In Italy, thanks to the effort by Enea together with several supply chains and trade associations – including Assocarta (Italian Association of paper, cardboard and paper pulp manufacturers) – the paperwork has been standardised and Guidelines have been prepared for the industry on how to conduct audits leading to a selection of Best Practices and providing energy indicators for the industry». These Guidelines also allow for a further step forward towards implementing a monitoring system.
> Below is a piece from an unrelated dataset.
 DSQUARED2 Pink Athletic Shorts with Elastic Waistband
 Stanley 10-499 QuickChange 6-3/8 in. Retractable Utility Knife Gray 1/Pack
Apart from the deadline of the 5th of December this year, the next important step is scheduled for 31 July 2020, with the updating of energy-intensity performance indices; in this regard, Mr Santino suggests that companies should «carry out audits which are as carefully structured and in-depth as possible, in order to provide the Ministry with more precise data on energy intensity».
Efficiency and competitiveness
In conclusion, optimising the use of energy resources is always a valuable approach, especially in those countries – like Italy –where energy-related costs are high, to the extent that investing in energy efficiency becomes synonymous with competitiveness. «Energy efficiency can be regarded as a true goldmine for Italy, which has always been at the forefront in the search for new technological solutions for energy saving» comments Adolfo Eric Labi, President of the Megalia Foundation. These solutions «can help improve people’s quality of life, as well as being exportable all over the world»; it is not by chance that the efficiency sector is «constantly in progress, exactly because technology is its pivotal element and reason for being», a product with a high added value – he calls it – «which can pave the way for economic recovery policies».
Not only is «energy efficiency a necessary, simple, possible and cost-effective opportunity, it is also the renewable source by default, because the cleanest, cheapest and inexhaustible source of energy is the part which is not used at all. This source» he concludes «also has the advantage of being transversal and not subject to cross-vetoing which hinders or impedes the use of different energy or technology sources ».